A burglar marked his 61st birthday by being remanded into custody yesterday for the "audacious and thoroughly dishonest" theft of tens of thousands of pounds of valuables from one of Northern Ireland's most famous stately homes.
Downpatrick Crown Court was shown CCTV footage of Carlo Holmes walking around private areas of Mount Stewart as he stole £35,000 of jewellery, including rings, earrings and a brooch, from Lady Rose Lauritzen's bedroom in May last year. None of the items have been recovered.
Holmes initially denied any wrongdoing, before eventually admitting to a single charge of burglary over the incident at the majestic property on the banks of Strangford Lough.
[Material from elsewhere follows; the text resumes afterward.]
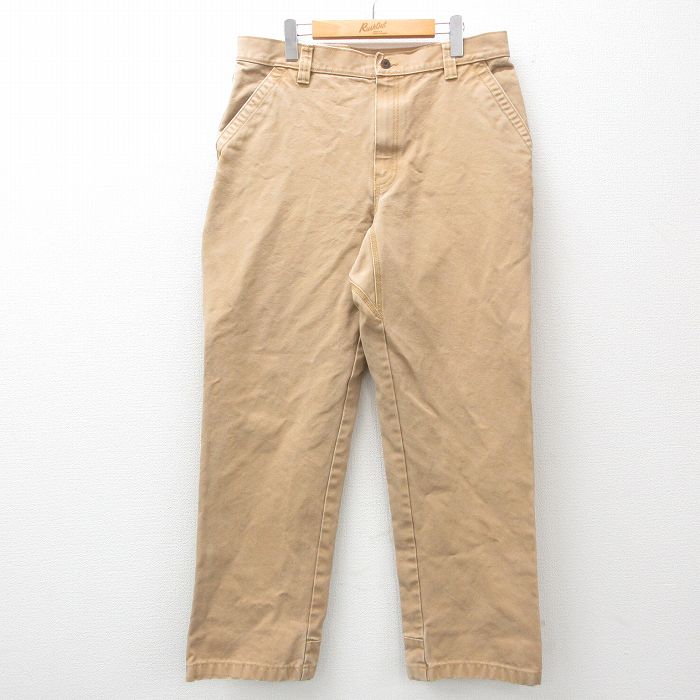W36★古着 エルエルビーン LLBEAN ペインター パンツ メンズ ダック地 コットン 薄茶 ブラウン 25jul02 中古 ボトムス ロング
Prosecutor Sam Magee said the defendant had "embarked on an audacious, carefully planned and thoroughly dishonest venture to burgle the private residence of Lady Lauritzen", who is in her seventies.
After entering the premises through the reception area, Holmes - who was dressed in a heavy poacher-style coat - was captured on CCTV in various areas of the house, including an education centre. A camera then spotted him walking along a private corridor that leads to Lady Lauritzen's bedroom.
Six minutes later, he was filmed walking back along the same corridor and away from the bedroom, the pockets of his coat "bulging" with the items he had just stolen.
Mr Magee, who said the CCTV showed Holmes trying to "blend in" while walking around the visitors' centre before the theft, revealed that the valuables had been stolen from a jewellery roll.
On the morning of the theft, Lady Lauritzen had locked her bedroom and placed the key on the windowsill of an opposite bathroom, as was her custom.
Telling the court it was clear that Holmes was aware of the location where the key was kept, Mr Magee said he believed that the defendant was working with another person.
The prosecutor added that the incident was a "brazen, highly professionally planned burglary of a stately home" during which the Lady's privacy was invaded.
When Holmes was arrested at Belfast International Airport on May 31, he had £1,685 in cash on him. A subsequent search of his home saw the discovery of another £3,700.
When he was interviewed, Holmes admitted visiting Mount Stewart but denied stealing jewellery from the property. However, he later admitted to a single charge of burglary.
The court was told that the defendant has 112 previous convictions and had previously used a large coat to steal items.
In the past, Holmes has targeted the Culloden Hotel in Cultra and the Inniskillings Museum in Co Fermanagh.